A few Pākehā wrote of the ‘Anglo-Māori Wars’ as long ago as the late 19th century. Sinclair asserted in The Origins of the Maori Wars (1957) that Māori had an overall name for the wars: ‘Te Riri Pākehā’ — ‘The White Man’s Anger’. Alan Ward (1967) also pushed the notion of Anglo-Māori wars, arguing that these were a defining conflict between two distinct peoples. But from the early 1980s the historians Michael King and James Belich ensured the renewed ascendancy of ‘New Zealand Wars’, especially in Pākehā academic debate. Belich’s book The New Zealand Wars and the Victorian Interpretation of Racial Conflict (1986) and subsequent television series were especially influential in cementing this name for a wider audience.

The term ‘Land Wars’ has enjoyed a revival in recent times. Much of the media coverage of the Ōtorohanga College petition and ensuing discussion has referred to the ‘Land Wars'. The 1860s conflicts were characterised at the time as ‘Land Wars’ by British humanitarian organisations such as the Aborigines Protection Society. The term was also taken up by a few anti-government New Zealand newspapers but then fell out of use until 1965, when it was proposed by John Pocock on the grounds that it was more accurate than ‘Māori Wars’.

Māori anxious to hold onto their remaining land — and from the 1980s, to obtain redress for lost land via the Waitangi Tribunal or direct negotiation with the Crown — have often referred to the conflicts as the Land Wars to emphasise the scale of the economic and social deprivation which resulted from the post-1860 loss of land. Ngā Pākanga Whenua O Mua, ‘the wars fought over the land many years ago’, is a name some in Taranaki use for the wars. Keenan argues that, at least in Taranaki, the wars happened because of a contest for land. For Māori, defending land was about defending historic landscapes and communities as well as sovereignty and te tino rangatiratanga, which were integral to the land.
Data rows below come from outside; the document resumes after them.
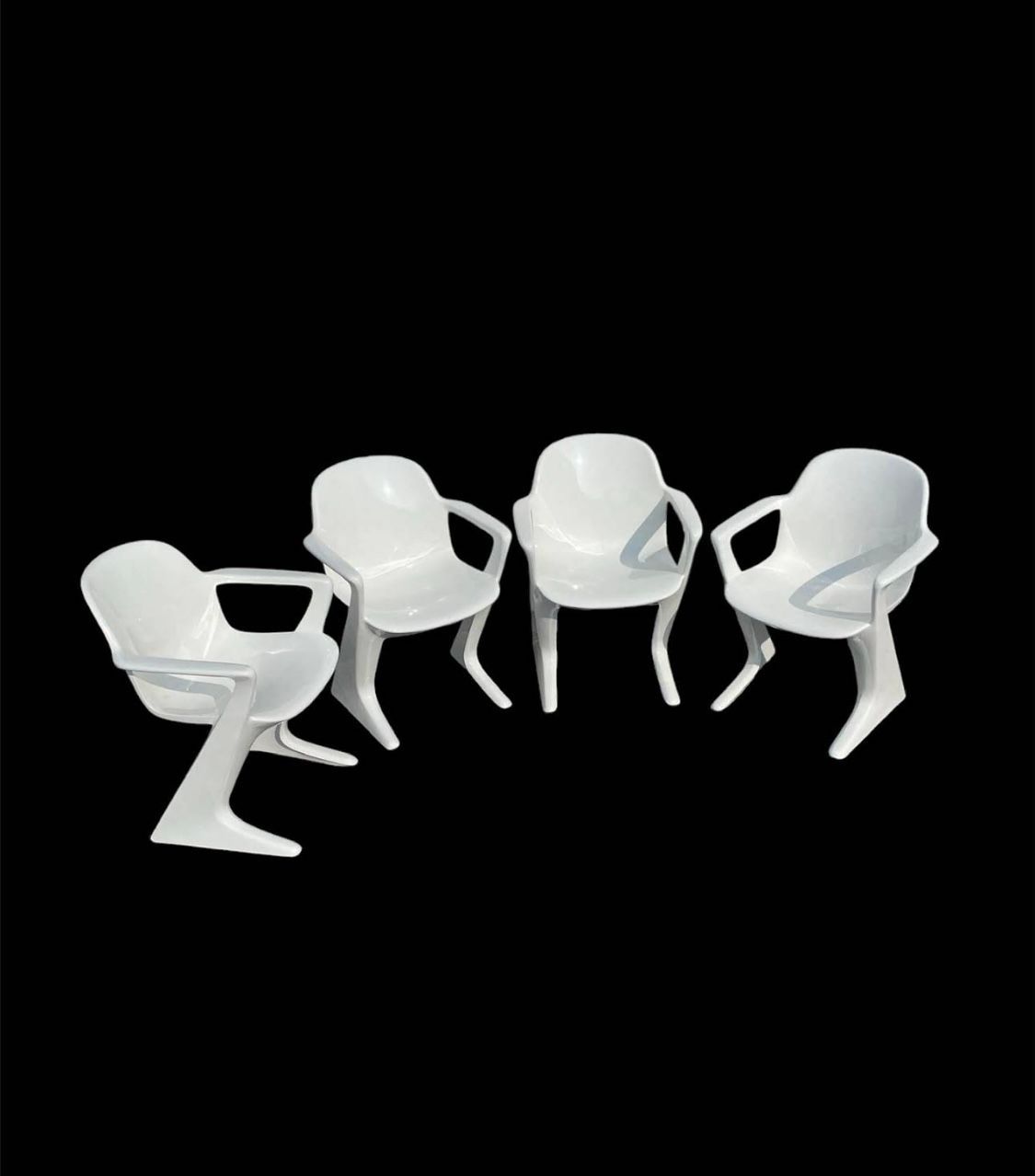 Quatre chaises en plastique blanc sur fond noir.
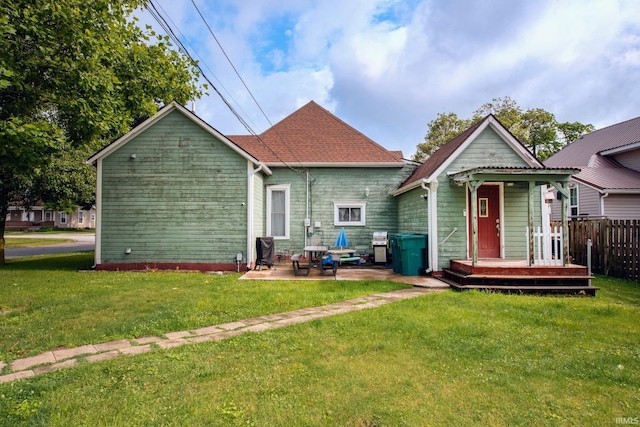 403 E Columbia St, Flora, IN 46929 - rear view of house with a patio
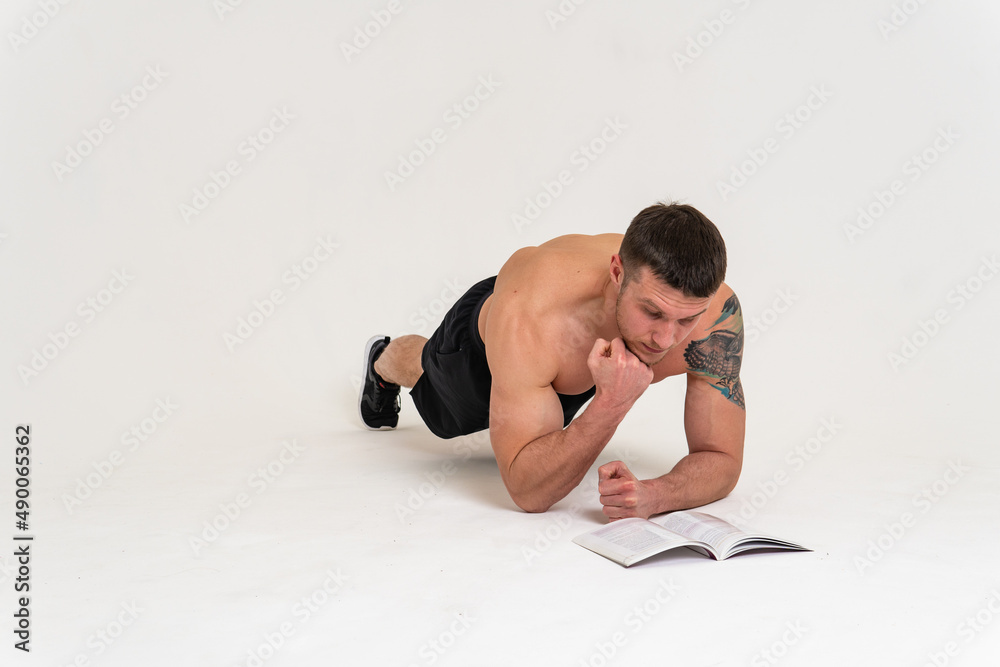 Bodybuilder reads the book on a white background isolated at the bottom of his head on his hands man young muscular, athletic fitness white background muscles, sexy fit. ABS gym, beach tan Bodybuilder reads the book on a white background isolated at the bottom of his head on his hands man young muscular, athletic fitness white background muscles, sexy fit. ABS gym, beach tan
In 1986, the Historic Places Trust, at the behest of its Maori Advisory Committee, advised its branches to use ‘Land Wars’ in preference to ‘New Zealand Wars’. It also advised consulting local Māori on the names of battles and campaigns.

  • If fighting occurred in your area/rohe it could be worth exploring what names or labels have been given to these conflicts. Consider who in your community would be willing to discuss this with you and your class.
  • If you are studying these wars in any detail, you might wish to explore with your class what they think is a suitable title and why.
  • These conflicts would make ideal contexts for Achievement Standards considering places and events of significance to New Zealand, or as part of a broader exploration of remembrance and commemoration. 

Choosing a date to commemorate the New Zealand Wars

The decision to introduce a national commemoration of the New Zealand Wars was announced at a ceremony at Tūrangawaewae Marae, Ngāruawāhia, in August 2016. The Crown returned ownership of the Rangiriri pā site to Waikato-Tainui, and Deputy Prime Minister Bill English acknowledged the need 'to recognise our own conflict, our own war, our own fallen'. English conceded that ordinary people had lost their lives at Rangiriri 'fighting for principle in just the same way as New Zealand soldiers who lost their lives fighting on battlefields on the other side of the world'.

Iwi had previously made representations to the Māori Development Minister, Te Ururoa Flavell, and his predecessor Sir Pita Sharples, about setting aside a date to commemorate the wars. After consultation, the date settled on for the first Rā Maumahara National Day of Commemoration was 28 October 2017. This is the date on which the 1835 Declaration of Independence of New Zealand (He Whakaputanga o te Rangatiratanga o Nu Tirene) was signed. Funding to the tune of $4 million will be spent over four years to support these commemorations. Te Tai Tokerau tribes in Northland will host the inaugural event. After that, the commemorations will move from year to year to battle sites around the country.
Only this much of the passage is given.